Pyro: Mass Matrix Adaptation for HMC and NUTS

Created on 11 May 2018 · 27Comments · Source: pyro-ppl/pyro

I'd like to contribute the mass matrix adaptation mentioned in #1093 . I actually have some preliminary work on it already, but I've run into an issue and I'm not sure how you'd like to proceed:

Currently the MCMC kernels have no access to the number of warmup iterations (since transition between warmup and sampling is handled by the MCMC wrapper), but if we want to adapt the mass matrix during warmup using a block scheme similar to stan (see section 34.2 in the stan reference manual) then the kernel needs access to the number of warmup iterations to divide the warmup into blocks.

I thought about putting this scheduling logic into the MCMC wrapper, but since adapting a mass matrix in this way is specific to certain kernels (HMC and NUTS) it feels like it belongs in the kernels themselves.

However, giving the kernels access to the number of warmup iterations is not quite straightforward: since they are initialized by the user (not the MCMC wrapper) we can't pass it to the constructor, and currently all of the arguments to HMC.setup() are passed directly into get_trace().

Some options that come to mind are:

Add the number of warmup iterations as a parameter in HMC.setup() (Seems reasonably clean to me, but maybe I'm missing something?)
Implementing something like kernel.configure_adaptation(warmup_duration=200) which would be called by the wrapper. (This approach feels less clean because maybe not every kernel will need parameter adaptation, but it won't modify the existing kernel.setup() signature).
In the MCMC wrapper directly set a property on the kernel: self.kernel.warmup_duration = 200. (Simple, but feels more like a hack).

Any thoughts on which of these options (or others?) would be the best approach?

discussion enhancement

Source

LoganWalls

👍2

Most helpful comment

Unrolling feels like it would be more computationally efficient, but...

In case it helps, we're doing similar unrolling in pyro.contrib.autoguide and there are strategies for all of: diagonal normal, multivariate normal, and low-rank multivariate normal (really low-rank + diagonal).
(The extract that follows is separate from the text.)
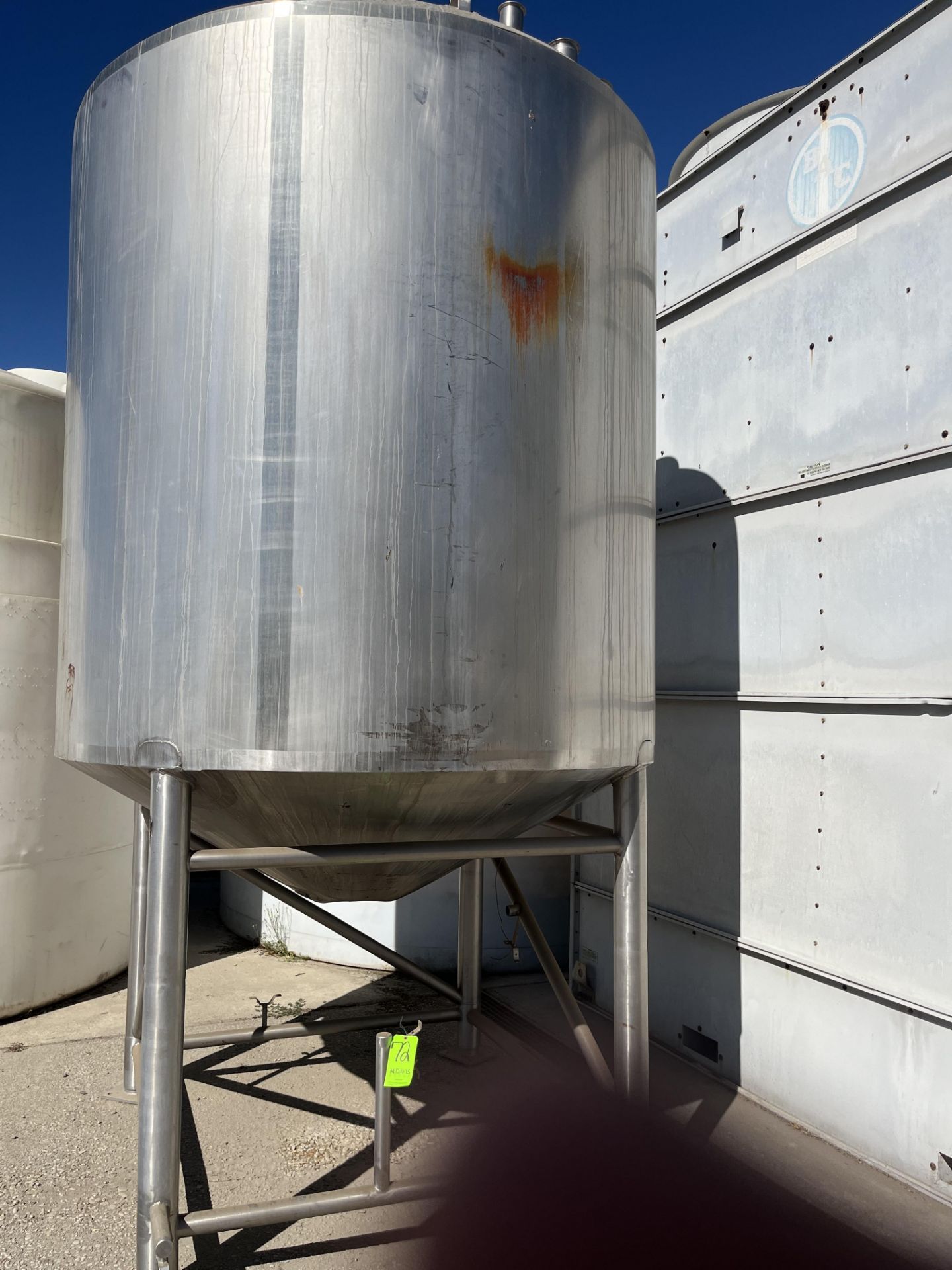 Sani-Fab Jacketed S/S Tank, Tank Dims.: Aprox. 7 ft. Tall x 80” Dia., Cone Bottom, Mounted on S/S - Image 5 of 9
You might consider similarly implementing multiple strategies. See AutoGuideContinuous._unpack_latent() for the unrolling implementation.

fritzo on 17 May 2018

👍2

All 27 comments

Thanks for offering to do this! Option 2 seems fine for now; you can just add a base implementation of configure_adaptation to TraceKernel.

@neerajprad we should probably clean up the MCMC code a little bit to make it easier to customize this sort of thing in the future.

eb8680 on 11 May 2018

👍1

I would suggest going with option (1), so that we do not have two places that specify the warmup_steps - the kernel themselves and the MCMC constructor (since burnin or warmup is a more general concept).

So you can just modify the MCMC class as follows and the corresponding setup methods in HMC and NUTS. I think that should cover your use case?

self.kernel.setup(self.warmup_steps, *args, **kwargs)

neerajprad on 11 May 2018

👍1

we should probably clean up the MCMC code a little bit to make it easier to customize this sort of thing in the future.

Once we make the above change, I don't foresee any major changes needed within the MCMC class, at least immediately. Let me know if you have any suggestions on that. I have a couple of things I would like to see addressed in #1093 pertaining to restructuring the code - specially those related to being able to specify / add default warmup steps when the user chooses step size adaptation, and also a way of controlling some parameters like target acceptance probability. Please do add to that if you have any specific suggestions in mind.

neerajprad on 11 May 2018

I would suggest going with option (1), so that we do not have two places that specify the warmup_steps - the kernel themselves and the MCMC constructor (since burnin or warmup is a more general concept).

@neerajprad I agree with the idea that we shouldn't need to specify warmup_steps in multiple places, but my original thinking behind option 2 was actually to have MCMC call something like self.kernel.configure_adaptation(self.warmup_steps) so really it would only need to be specified once (in the MCMC constructor only). (But it does open up the possibility of a user accidentally calling configure_adaptation separately). That said, I have nothing against option 1 either.

Aside: Whichever way we decide, maybe the target acceptance rate (another feature from #1093 ) can be treated in a similar way in the future (either we can pass it to kernel.setup or to kernel.configure_adaptation).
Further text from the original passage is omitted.